Data Visualization and Exploration

Conclusion: Reprise, Rehash, Refresh

Final!

One update that makes things better for all of us.

Due to a great idea from you all, the “two-minute speed presentation” format has been swapped for a “small group (small) poster presentation session”.

• There will be a posted timeline for submission (earlier in that day).
• I will print color infographics for each of you.
• In 2-3 rounds, we will circulate around the room listening to presentations.
• You may not see everyone, but you will at least get to spend more time with those you do.

Peer assessment (as an audience member) will be part of the experience (details coming soon).

Hosting on GitHub Pages (1/2)

It was mostly a disaster trying to link RStudio and GitHub.

This might work.

• In RStudio,

  1. Go to “File” > “New Project …”. Choose “New Directory”.
  2. Choose “Quarto Website” from the list.
  3. When prompted type “.github.io” in the “Directory Name” box, check the “Create a git repository” and “Open a new session” boxes.

• In GitHub Desktop,

  1. Choose either “File” > “Add local repository” or from the left-hand navigation pane, choose “Add Existing Repository…” from the arrow next to the search box that says “filter”.
  2. Uncheck “Keep this code private” (it is a webpage, we want people to see it).
  3. Click “Publish”.

Hosting on GitHub Pages (2/2)

• In RStudio,

  1. Open the “index.qmd” file and click “Render”.

  2. In the RStudio terminal (or any comparable tool set to the right directory), enter “quarto publish gh-pages”.

     • If you’ve done this before you’ll be prompted to overwrite anything there.
     • If you haven’t, you’ll be prompted to connect your GitHub account. The website password works as does a PAT (Personal Authentication Token).

• On GitHub,

  1. Go to the repository and under “Settings” > “Pages”, choose “gh-pages” under the “Branch” dropdown.
     
  2. Leave the second checkbox set to “/(root)”.

Within a few minutes you should have a webpage.

After this point, you should be able to publish all changes using “quarto publish gh-pages”. This publishes the web content to the “gh-pages” branch, where the browser will find it.

Colors

In addition to the color vision simulator in ImageJ (FIJI), this color palette finder is one of many nice interactive tools on https://r-graph-gallery.com.

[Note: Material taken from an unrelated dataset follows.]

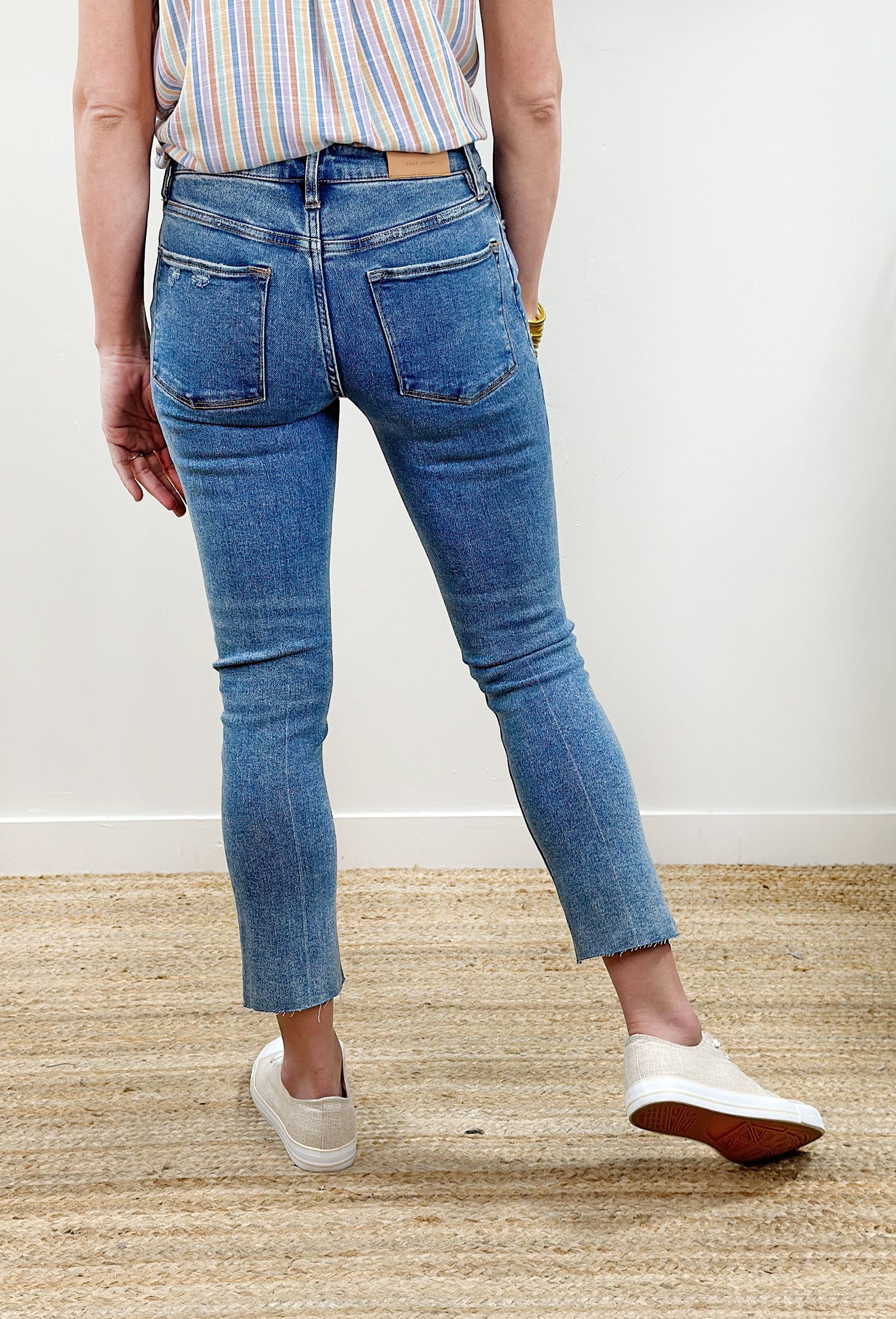 FEELIN'S GROOVY DENIM MIDI DRESS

Consider using color and style and not referring exclusively to color in text (e.g., “the red curve is steeper than the blue curve”). You could,

• Directly label the curves with text-based annotation (e.g., base R text() or ggplot geom_text()).
• Use a (partially) redundant style like dashing or dotting of the curve (e.g., “the dashed red curve is steeper …”).

Fonts

Fonts are kind of a nightmare.

• Topical expert Kieran Healy has approximately 3,500 words on this known hard problem.
• What’s disturbing is that his post is very recent, which means that for a variety of reasons, this is still a hard problem.

Who cares?

• the journal/publisher might care
• you or collaborators might care (wouldn’t it be nice if the fonts in the visualization matched those of the caption and text?)

Postprocessing images

Sometimes content is required in “vector graphics format” (e.g., .pdf, .svg) other content in “bitmap format” (e.g., .jpg, .png).

The previous blog highlights a bunch of problems and their problematic solutions.

Often graphs are “postprocessed” with software like Inkscape, Gimp, ImageMagick, or Adobe Illustrator ($$$).

With these you might

• replace font families or sizes across the figure,
• edit text or positioning, or
• other things sometimes too subtle to code.

File output

So far I have recommended just right-clicking on your visualization from within the .html output and saving it (or marginally worse, screenshotting the .pdf).

But, there are a variety of save/export options.

• ggsave()
• pdf() ... dev.off() (or bmp(), png(), jpeg(), tiff() for bitmap files, the ... represents the graph content, regardless of how complicated it may be. What’s nice about this, as demonstrated is that you could do multiple graphs as pages in a single pdf.)
• dev.copy2eps() (an “encapsulated postscript file”, this does the copying after the graph is made)

What’s outright annoying about this is the way that different file formats assume height and width are measured (e.g., pdf() measures in inches, png() in pixels).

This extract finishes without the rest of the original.